The **Central Limit Theorem** makes it possible to:

* Use **normal distribution tools** for **inference**, even when working with non-normal populations.
* **Estimate probabilities** and **construct confidence intervals** for population parameters using sample statistics.


# Question8: Compare z-scores and t-scores. When should you use a z-score, and when should a t-score be applied instead?

### **Question: Compare Z-scores and T-scores — When to Use Each**

---

###  **Z-score vs T-score: Overview**

Both **z-scores** and **t-scores** are used in **hypothesis testing and confidence intervals** to determine how far a sample statistic (like a sample mean) is from the population mean — **in terms of standard errors**.

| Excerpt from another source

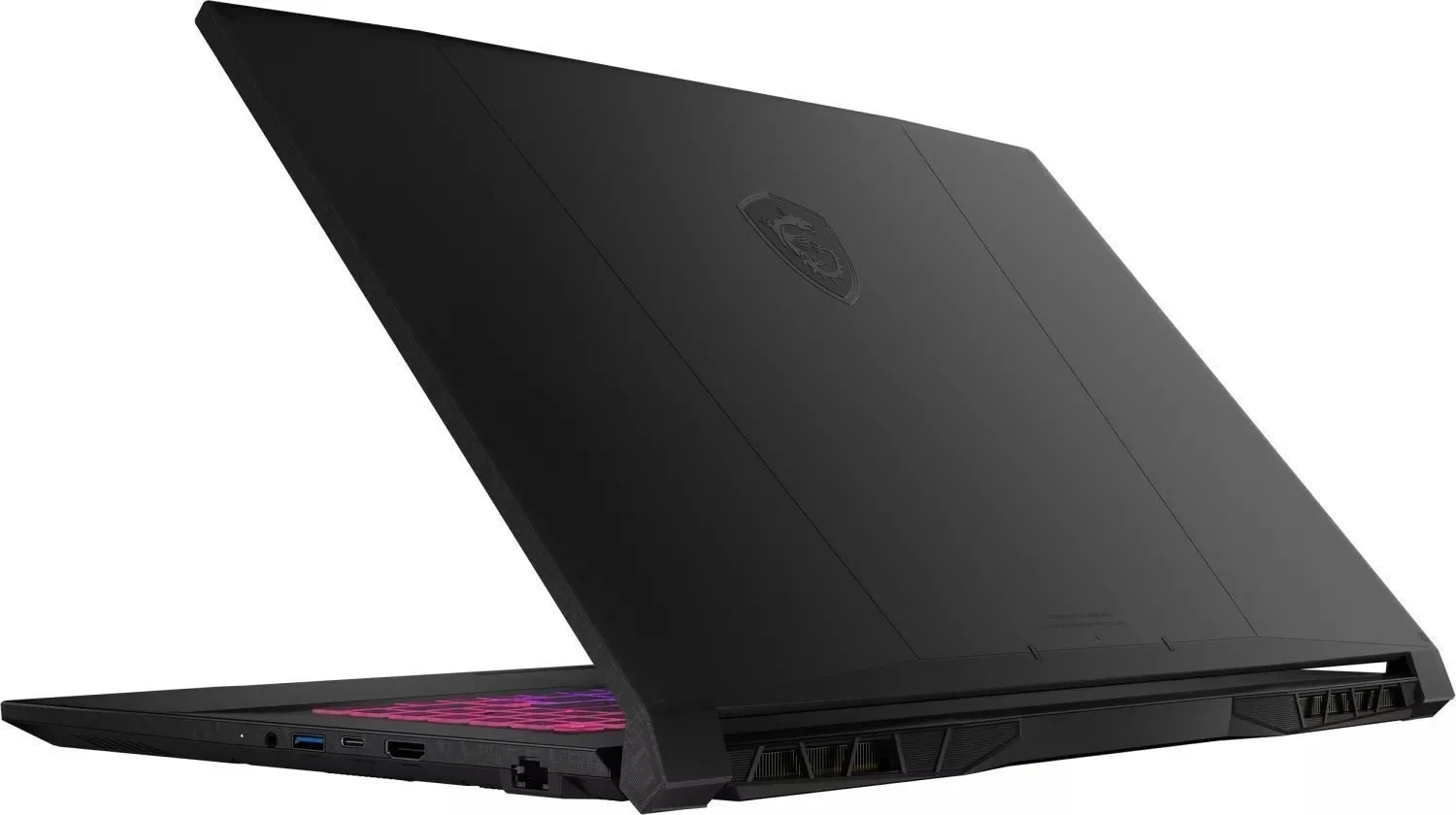 Laptop MSI Katana 17 B13VEK-1261XPL i7-13620H, 17.3", 16 GB, 1 TB, GeForce RTX 4050, zi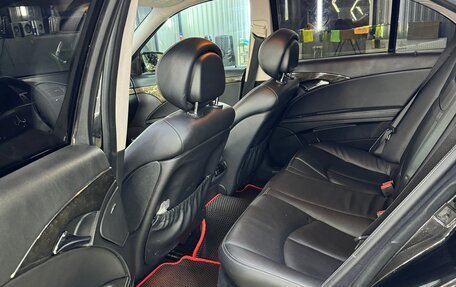 Mercedes-Benz E-Класс, 2007 год, 1 600 000 рублей, 9 фотография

| Feature            | **Z-Score**                                                  | **T-Score**                                                       |
| ------------------ | ------------------------------------------------------------ | ----------------------------------------------------------------- |
| Used with          | **Large samples** or **known population standard deviation** | **Small samples** and **unknown population standard deviation**   |
| Distribution       | **Standard Normal Distribution** (mean = 0, SD = 1)          | **Student’s t-distribution** (wider, mean = 0)                    |
| Formula            | $z = \frac{\bar{x} - \mu}{\sigma / \sqrt{n}}$                | $t = \frac{\bar{x} - \mu}{s / \sqrt{n}}$                          |
| Variability        | Less variability, narrower tails                             | More variability, heavier tails (accounts for sample uncertainty) |
| Degrees of Freedom | Not applicable                                               | $df = n - 1$                                                      |

---

###  **When to Use a Z-score:**

Use the **z-score** when:

1. The **population standard deviation (σ)** is known.
2. The **sample size is large** (typically $n \geq 30$), even if $\sigma$ is unknown.
3. The **sampling distribution** is approximately normal.

---

###  **When to Use a T-score:**

Use the **t-score** when:

1. The **population standard deviation (σ)** is **unknown**.
2. The **sample size is small** (typically $n < 30$).
3. The population is **normally distributed** or approximately normal.

---

###  **Why the Difference Matters:**

* **T-scores** are more **conservative** (wider confidence intervals and larger critical values) to adjust for the **extra uncertainty** due to estimating $\sigma$ using the sample.
* As sample size increases, the **t-distribution approaches the standard normal distribution**, and **t-scores converge to z-scores**.

---

###  **Example Comparison:**

#### Situation A: Known σ, $n = 50$

Use **z-score**:

$$
z = \frac{\bar{x} - \mu}{\sigma / \sqrt{n}}
$$

#### Situation B: Unknown σ, $n = 15$

Use **t-score**:

$$
t = \frac{\bar{x} - \mu}{s / \sqrt{n}}, \quad df = 14
$$

---

###  **Summary Table**

| Condition                             | Use Z-score              | Use T-score                      |
| ------------------------------------- | ------------------------ | -------------------------------- |
| Population standard deviation known   | ✅                        | ❌                                |
| Population standard deviation unknown | ❌                        | ✅                                |
| Sample size ≥ 30                      | ✅ (even if σ is unknown) | ✅ (still preferred if σ unknown) |
| Sample size < 30                      | ❌                        | ✅                                |

---

###  **Conclusion:**

* **Z-score**: Use when conditions are ideal (large sample, known σ).
* **T-score**: Use when **real-world data** introduces uncertainty (small sample, unknown σ). It’s more robust in practical situations.